Classification of Parkinson's Disease
This study conducted two experiments using data from the Czech corpus to classify patients with PD and ET. The first experiment focused on distinguishing between PD and ET patients, while the second aimed to classify PD patients, ET patients, and healthy control (HC) subjects. Researchers based the adaptation of Czech speakers on UBMs created using recordings from Spanish and German datasets and a combination of both.

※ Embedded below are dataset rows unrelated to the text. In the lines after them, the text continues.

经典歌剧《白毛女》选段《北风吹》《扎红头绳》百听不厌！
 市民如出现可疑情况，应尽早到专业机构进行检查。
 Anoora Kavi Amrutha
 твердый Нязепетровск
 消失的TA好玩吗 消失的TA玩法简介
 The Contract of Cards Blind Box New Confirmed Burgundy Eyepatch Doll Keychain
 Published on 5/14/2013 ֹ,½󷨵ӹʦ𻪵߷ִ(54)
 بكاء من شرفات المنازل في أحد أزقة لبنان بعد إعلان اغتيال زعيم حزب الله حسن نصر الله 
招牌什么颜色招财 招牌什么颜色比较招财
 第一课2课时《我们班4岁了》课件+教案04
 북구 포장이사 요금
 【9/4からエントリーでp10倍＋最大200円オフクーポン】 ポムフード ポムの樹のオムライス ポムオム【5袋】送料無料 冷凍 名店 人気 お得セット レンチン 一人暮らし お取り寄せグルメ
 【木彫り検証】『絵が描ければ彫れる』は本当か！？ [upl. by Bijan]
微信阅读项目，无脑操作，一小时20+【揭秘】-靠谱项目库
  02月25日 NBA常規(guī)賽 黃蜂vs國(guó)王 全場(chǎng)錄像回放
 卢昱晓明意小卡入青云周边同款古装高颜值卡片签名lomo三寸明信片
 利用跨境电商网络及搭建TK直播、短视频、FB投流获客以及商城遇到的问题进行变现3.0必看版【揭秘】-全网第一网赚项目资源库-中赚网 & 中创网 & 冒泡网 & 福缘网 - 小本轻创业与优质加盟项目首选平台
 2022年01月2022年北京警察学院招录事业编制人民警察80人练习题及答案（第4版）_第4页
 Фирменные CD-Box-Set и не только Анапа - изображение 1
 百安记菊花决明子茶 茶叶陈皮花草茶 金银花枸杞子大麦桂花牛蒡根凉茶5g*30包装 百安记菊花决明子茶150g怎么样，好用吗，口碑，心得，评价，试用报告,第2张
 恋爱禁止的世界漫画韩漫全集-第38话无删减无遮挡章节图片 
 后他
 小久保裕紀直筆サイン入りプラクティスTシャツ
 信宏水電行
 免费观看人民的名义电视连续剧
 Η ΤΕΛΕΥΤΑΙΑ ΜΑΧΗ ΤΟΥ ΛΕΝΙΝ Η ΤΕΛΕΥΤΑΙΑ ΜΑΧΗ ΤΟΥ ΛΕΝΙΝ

They generated supervectors for each speech dimension and considered fusing them, followed by performing dimensionality reduction using principal component analysis (PCA). However, researchers found that including patients in the UBMs resulted in lower performance, possibly due to highly variable models and inadequate coverage of abnormal patterns arising from dysarthric symptoms. When supervisors adapted from the German UBM trained with controls were utilized, the bi-class classification task of PD patients vs. ET patients achieved its highest accuracy using a fusion of the three speech dimensions.
Similarly, for the tri-class classification task involving PD patients, ET patients, and HC subjects, the fusion of speech dimensions allowed for differentiation between the groups, with prosody exhibiting superior discrimination. The controlled /pa-ta-ka/ task consistently outperformed spontaneous speech tasks. Confusion matrices revealed distinct classification accuracies for each group, with prosody showing the most discriminative power between PD patients, ET patients, and healthy controls.
Visualization of the groups' distribution using linear discriminant analysis (LDA) further supported the classification results, showing a clear separation between ET patients and other groups, especially in the /pa-ta-ka/ task. Additionally, correlation analysis indicated that age and motor severity did not significantly affect the classification outcomes, suggesting robustness in the classification methodology independent of these factors.
Conclusion
To summarize, this study explored the classification of PD and ET patients using speech-based features. By adapting Czech speakers' data with UBMs trained from Spanish and German datasets, researchers generated supervectors for speech dimensions and applied dimensionality reduction. Results showed that the fusion of speech dimensions, particularly with supervisors adapted from the German UBM, accurately distinguished PD from ET patients. Prosody emerged as a discriminative factor, especially in the controlled task scenarios. These findings suggest the potential of speech-based approaches for accurate classification of motor disorders, independent of patient demographics.